A man makes attempts to hit the target. The probability of hitting the target is $\dfrac{3}{5}$. Then, the probability that A hits the target exactly $2$ times in $5$ attempts is:
(A) $\dfrac{{144}}{{625}}$
(B) $\dfrac{{72}}{{3125}}$
(C) $\dfrac{{216}}{{625}}$
(D) None of these

Answer 1

In the given question, we are provided with the probability with which a man attempts to hit a target and we have to find the probability that he hits exactly two out of five times. So, we will make use of the multiplication rule of probability to find the probability of two events happening one after another. We will first find the number of ways in which two attempts can be chosen out of a total five attempts and then find the required probability.

Complete step-by-step solution:
So, we have the probability of hitting a target as $\dfrac{3}{5}$.
Then, we have to find the probability that the target is hit exactly two times in five attempts. So, this means that the man hits the target successfully two times and fails to hit the target three times.
We know that the sum of probabilities of all the possibilities of an event is one.
So, the probability of not hitting the target $= 1 - \dfrac{3}{5} = \dfrac{2}{5}$
Now, we know that we can choose two out of five attempts in $^5{C_2}$ ways.
Now, we know that the probability of success is $\dfrac{3}{5}$ and probability of failure is $\dfrac{2}{5}$.
Now, we use the binomial probability distribution with parameters n, r, p and q representing the total number of trials, number of successful trials, probability of success and probability of failure respectively. The formula for binomial probability distribution is $^n{C_r}{p^r}{q^{\left( {n - r} \right)}}$.
So, we get the required probability of hitting the target exactly $2$ times in $5$ attempts as $\left( {^5{C_2}} \right) \times {\left( {\dfrac{3}{5}} \right)^2} \times {\left( {\dfrac{2}{5}} \right)^3}$ .
So, we get, required probability $= \left( {^5{C_2}} \right) \times {\left( {\dfrac{3}{5}} \right)^2} \times {\left( {\dfrac{2}{5}} \right)^3}$
We know the combination formula $^n{C_r} = \dfrac{{n!}}{{r!\left( {n - r} \right)!}}$. So, we get,
$= \left( {\dfrac{{5!}}{{2! \times 3!}}} \right) \times \left( {\dfrac{9}{{25}}} \right) \times \left( {\dfrac{8}{{125}}} \right)$
We know values of the factorials of $5$, $2$ and $3$.
$= \left( {\dfrac{{120}}{{2 \times 6}}} \right) \times \left( {\dfrac{9}{{25}}} \right) \times \left( {\dfrac{8}{{125}}} \right)$
Cancelling the common factors in numerator and denominator, we get,
$= 2 \times \left( {\dfrac{9}{5}} \right) \times \left( {\dfrac{8}{{125}}} \right)$
Simplifying the calculations,
$= \dfrac{{144}}{{625}}$
Hence, the probability that A hits the target exactly $2$ times in $5$ attempts is $\dfrac{{144}}{{625}}$.
Therefore, option (A) is the correct answer.

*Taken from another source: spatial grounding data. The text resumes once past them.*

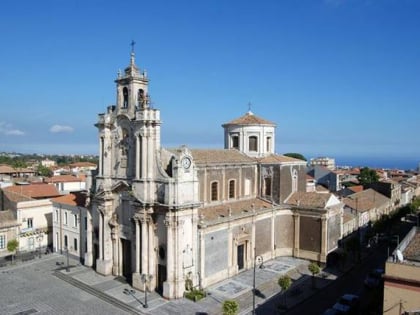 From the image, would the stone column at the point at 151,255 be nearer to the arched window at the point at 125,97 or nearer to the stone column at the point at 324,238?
the arched window at the point at 125,97

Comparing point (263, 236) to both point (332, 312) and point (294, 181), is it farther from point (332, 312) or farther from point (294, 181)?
point (332, 312)

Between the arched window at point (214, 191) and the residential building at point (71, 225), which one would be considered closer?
the arched window at point (214, 191)

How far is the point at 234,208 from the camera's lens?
120 feet

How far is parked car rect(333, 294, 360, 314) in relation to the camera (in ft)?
87.7

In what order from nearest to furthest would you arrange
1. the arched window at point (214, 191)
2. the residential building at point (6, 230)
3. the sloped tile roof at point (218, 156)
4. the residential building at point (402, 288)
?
the residential building at point (402, 288)
the sloped tile roof at point (218, 156)
the arched window at point (214, 191)
the residential building at point (6, 230)

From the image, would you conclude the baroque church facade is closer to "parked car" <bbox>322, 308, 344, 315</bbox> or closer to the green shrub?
the green shrub

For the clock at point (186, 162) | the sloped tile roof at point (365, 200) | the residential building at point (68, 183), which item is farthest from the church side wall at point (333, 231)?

Note: We must know the multiplication rule of probability for finding probability of the events happening one after another. One should know the applications of simplification rules to simplify the calculations. We should remember the combination formula $^n{C_r} = \dfrac{{n!}}{{r!\left( {n - r} \right)!}}$ to evaluate the number of ways of choosing two out of five attempts.